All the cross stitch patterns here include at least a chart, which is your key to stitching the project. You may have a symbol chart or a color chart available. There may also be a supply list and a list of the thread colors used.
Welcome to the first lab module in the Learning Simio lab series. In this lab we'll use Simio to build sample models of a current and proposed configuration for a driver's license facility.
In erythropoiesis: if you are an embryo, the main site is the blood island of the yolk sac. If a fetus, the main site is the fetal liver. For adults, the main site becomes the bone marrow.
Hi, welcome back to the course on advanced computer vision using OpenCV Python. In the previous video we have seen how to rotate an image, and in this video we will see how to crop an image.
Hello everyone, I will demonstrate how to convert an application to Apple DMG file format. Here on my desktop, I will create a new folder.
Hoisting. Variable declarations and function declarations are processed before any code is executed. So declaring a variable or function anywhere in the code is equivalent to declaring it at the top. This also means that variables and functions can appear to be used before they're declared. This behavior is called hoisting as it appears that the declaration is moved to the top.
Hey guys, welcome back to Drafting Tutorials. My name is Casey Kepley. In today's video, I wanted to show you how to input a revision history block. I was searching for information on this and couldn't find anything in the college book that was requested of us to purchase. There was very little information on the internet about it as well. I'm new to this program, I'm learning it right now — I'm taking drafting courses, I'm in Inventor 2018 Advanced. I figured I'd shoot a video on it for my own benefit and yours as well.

#####

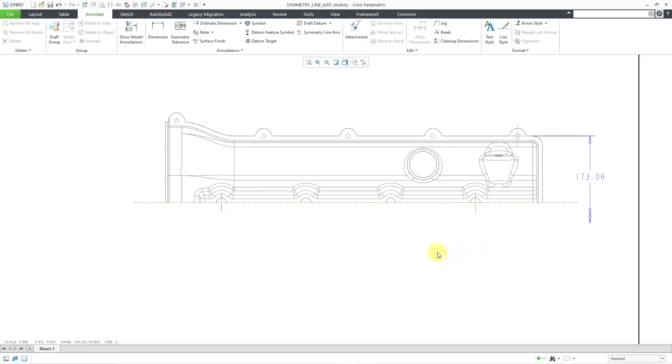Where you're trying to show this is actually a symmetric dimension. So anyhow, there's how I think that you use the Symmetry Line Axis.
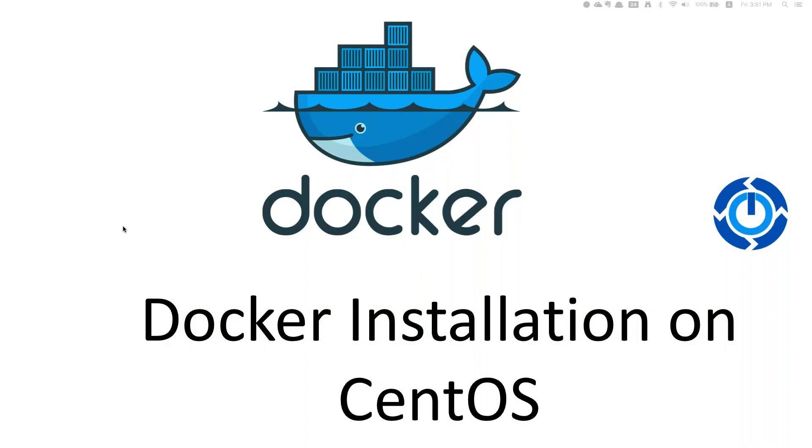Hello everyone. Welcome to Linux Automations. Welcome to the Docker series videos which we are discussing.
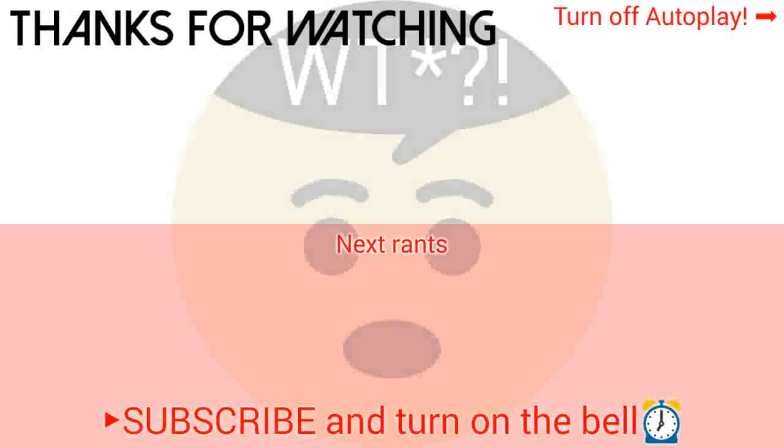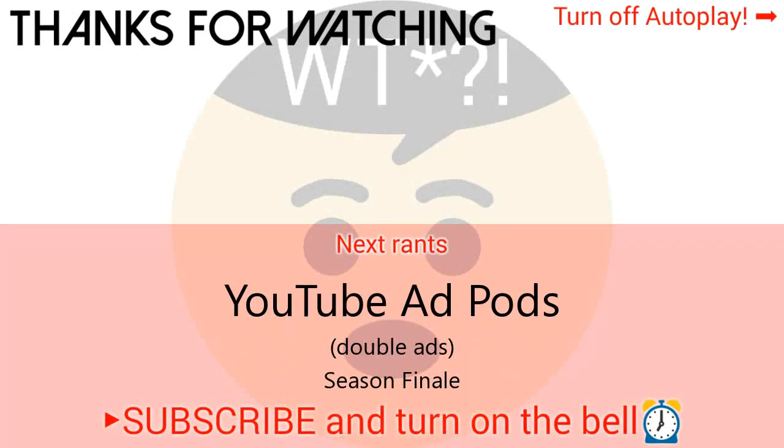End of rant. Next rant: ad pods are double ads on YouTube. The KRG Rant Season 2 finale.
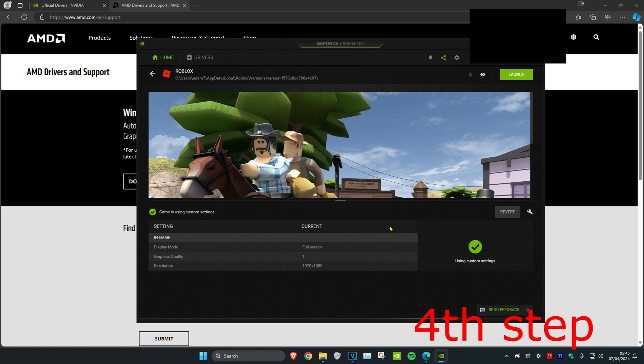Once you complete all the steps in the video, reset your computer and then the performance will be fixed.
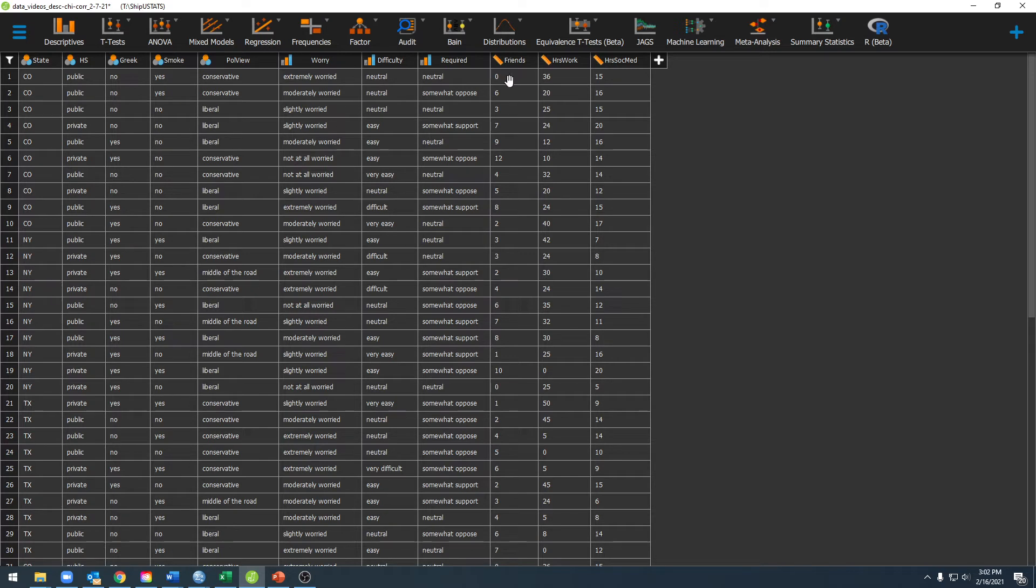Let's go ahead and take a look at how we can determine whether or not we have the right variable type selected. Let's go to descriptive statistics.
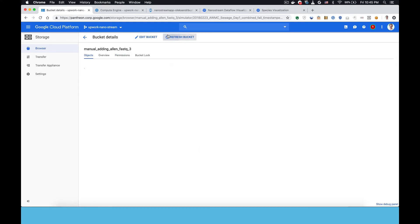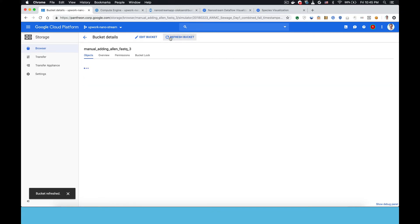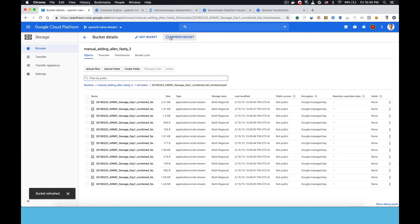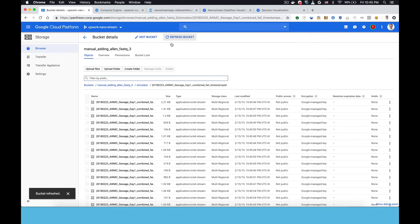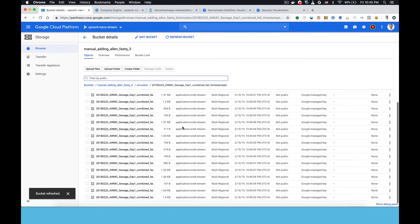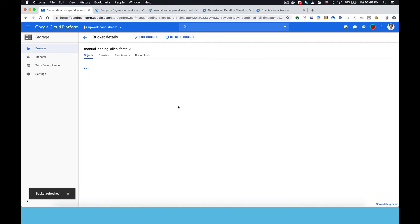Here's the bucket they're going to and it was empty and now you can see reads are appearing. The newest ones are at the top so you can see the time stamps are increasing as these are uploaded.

#####

### What you need to do
In the listing above, find the line with "Let's go ahead" and output it and every line after it up to and including the line with "Here's the bucket", exactly, minus the pictures.

### Your solution
Let's go ahead and take a look at how we can determine whether or not we have the right variable type selected. Let's go to descriptive statistics.
Here's the bucket they're going to and it was empty and now you can see reads are appearing. The newest ones are at the top so you can see the time stamps are increasing as these are uploaded.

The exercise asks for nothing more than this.